With tubes departing every 30 seconds and carrying 28 passengers each, a single tube would be able to transport 7.4 million people per year. By simple multiplication, the proposed two-tube structure could carry roughly 15 million people per year. At $20 per ride and an estimated 15 million trips per year, the Hyperloop would have the potential to gross $300 million in annual revenue.
A majority of the costs associated with putting the Hyperloop into production are driven by the construction of each tube. With an approximately 380 miles separating the two cities, the tube is estimated to cost $5.4 billion. A majority of the $5.4 billion can be broken down into construction, solar panels, batteries, permits, and land. The remaining $560 million would cover the costs of constructing 40 capsules. As the Hyperloop moves closer toward becoming a reality, an agreement has allowed the company to build a five-mile test strip with construction costs expected to reach $100 million.

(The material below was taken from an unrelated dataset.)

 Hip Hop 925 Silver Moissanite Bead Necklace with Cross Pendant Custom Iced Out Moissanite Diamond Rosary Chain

California High Speed Rail
Delayed for the past few years, California recently broke ground on one the largest high speed railway systems. Designed to travel between Los Angeles and San Francisco, the costs of construction are estimated at $77 billion, according to CNBC. Travel time between the two cities is expected to be around 2 hours and 30 minutes with speeds over 200 mph.
The high speed rail is significantly faster than traveling by car but still slower than traveling by plane. An average ticket is expected to cost $80 to $90. Besides its economic impacts, the California High Speed Rail is expected to reduce the amount of vehicular miles traveled, improve air quality, and reduce greenhouse gases. Unfortunately, the project is way below the necessary funds for completion by 2028. Assuming all estimates are correct, the costs of the California High Speed Rail make the project a greater financial burden than the Hyperloop.

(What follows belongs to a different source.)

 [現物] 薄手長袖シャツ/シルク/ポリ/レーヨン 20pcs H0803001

Criticism of Musk's Hyperloop
Criticism of Musk’s Hyperloop comes from doubts about the technology and the project's economics. In Musk’s proposal, he initially estimated the total cost of the project to be roughly $6 billion. Many believe the expected costs are drastically underestimated with the entire project forecasted closer to $100 billion. Despite its optimistic construction costs, the proposed individual fares of $20 per person have also been criticized as impossible. Finally, compared to the California High Speed Rail estimated costs of $68 billion, the Hyperloop’s proposed price tag of $6 billion is dubious.
Costs aside, the technical aspects of the Hyperloop have raised doubts. Speeds over 700 mph would surpass any commercial mode of transportation currently available. These extreme speeds would subject passengers to uncomfortable and frightening forces rendering the system unrideable.
What's more, the Hyperloop is capable of carrying just 3,360 passengers each hour (if they can withstand the g-forces). Comparatively, a freeway lane can carry 2,000 cars per hour, a subway transports 36,000 passengers per hour, and the California High Speed Rail is estimated to carry 12,000 passengers per hour. Despite any apparent doubts and pitfalls, though, Elon Musk’s history of innovation adds credibility to the question of whether or not Hyperloop can succeed.
The Bottom Line
As stated above, there exist four modes of transportation; car, air, rail, and water. With the Hyperloop, Elon Musk envisions a tube-based transportation system that will transcend these categories, creating a fifth mode of transport. Musk’s past success with Tesla and SpaceX lend credibility to his outlandish proposal in the face of many doubts.
The Hyperloop is expected to cost one-tenth the amount of California High Speed Rail and provide even faster times. Whether or not it can be fully implemented, technological innovation is pushing future travel towards efficiency and speed.